Law & Principles
Trent England | March 21, 2025
Secret funders back abusive lawsuits
Trent England
Should someone who doesn’t like you be able to fund lawsuits against you? What about a business competitor? Or just an investor who hopes to make money from a judgment or settlement?
This is called third-party litigation funding, or TPLF, and it makes it easier to use the civil justice system as a tool for vendettas or just a way to make a buck. Right now, there is no transparency of such unusual funding arrangements.
Thankfully, the Oklahoma House of Representatives and Senate are considering legislation (HB 2619 and SB 1065) to require transparency when outside investors pay for lawsuits. This is the first step to understanding how widespread this practice is and what might be done to rein it in.
As OCPA has previously written:
What happens in a courtroom impacts more than the entities directly involved in a case because the repercussions of court decisions reach across the state. And bad judicial opinions can ultimately reduce business growth and job creation, according to one national expert on judicial activism.
Even if you never get sued, you pay the costs of civil justice abuses in higher prices for goods and services. Businesses that lose lawsuits are likely to charge higher prices—and every other business that sees the risk, or must pay more for insurance, is likely to follow.

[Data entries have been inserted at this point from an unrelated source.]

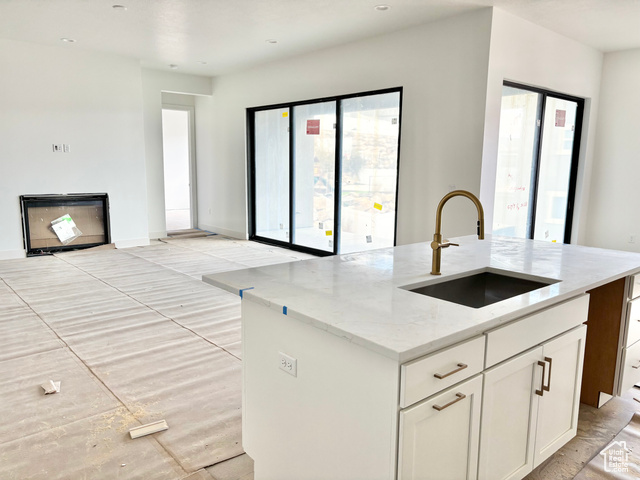 Photo 4 for MLS #2082220 at 1116 W Gossamer Ln #7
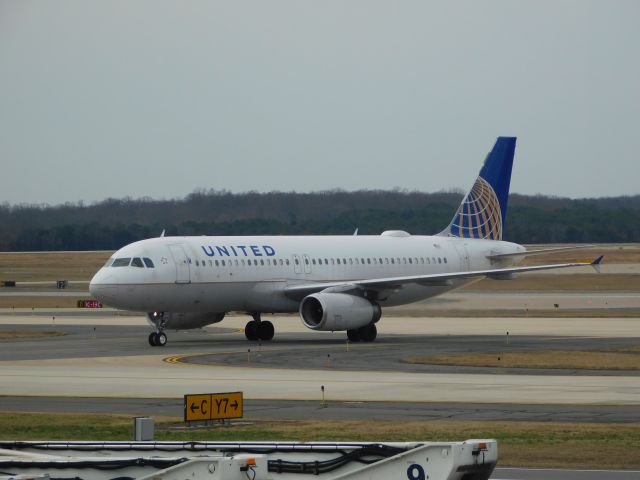 Airbus A320 (N418UA) - United A320 Taxiing to the gate at Washington Dulles International Airport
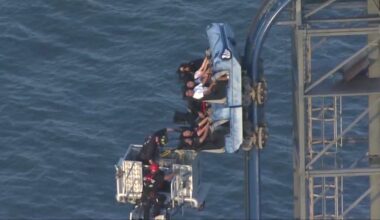 Firefighters rescue 8 riders stuck on Galveston roller coaster for 3 hours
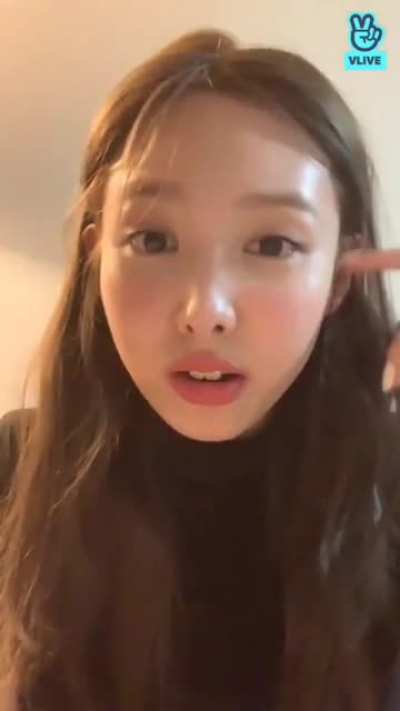 Nayeon hands-free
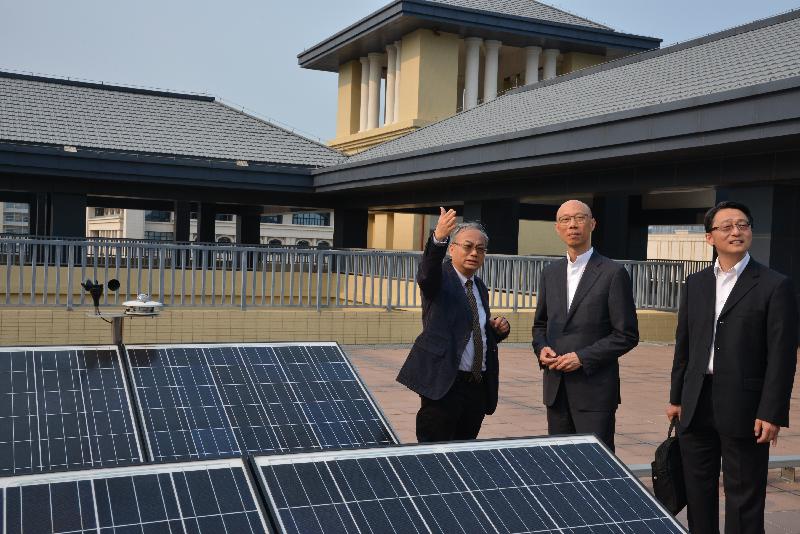 The Secretary for the Environment, Mr Wong Kam-sing (centre), today (April 12) visits the solar photovoltaic system of the University of Macau. The system is the first among public organisations in Macao to fulfil government requirements and connect to the grid of the power company. 
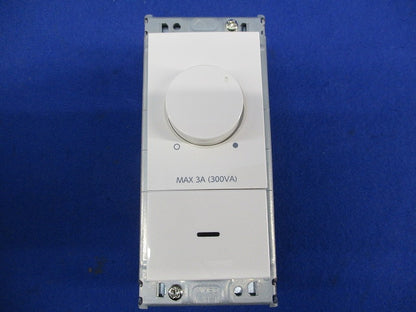 LED用逆位相調光器 3路スイッチ付(ホワイト) DP-39672G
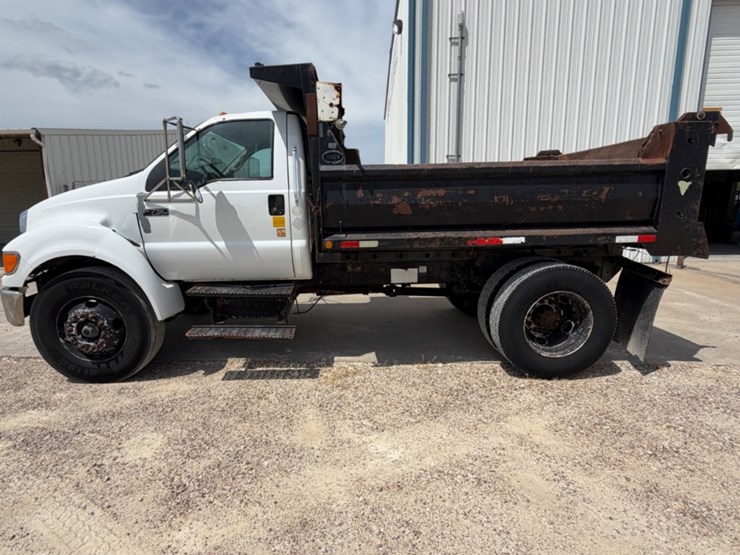 2006-ford-f750-image-8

Other important tort-reform measures are pending in the Legislature. The cost statewide of excessive tort litigation is estimated at more than $3.7 billion and is likely to prevent the creation of 32,300 jobs. Reducing the harm done to our state’s economy by out-of-control lawsuits means getting a handle on third-party litigation funding. The Legislature needs to act quickly on these measures to protect Oklahoma’s economic growth and to prevent the abuse of our court system.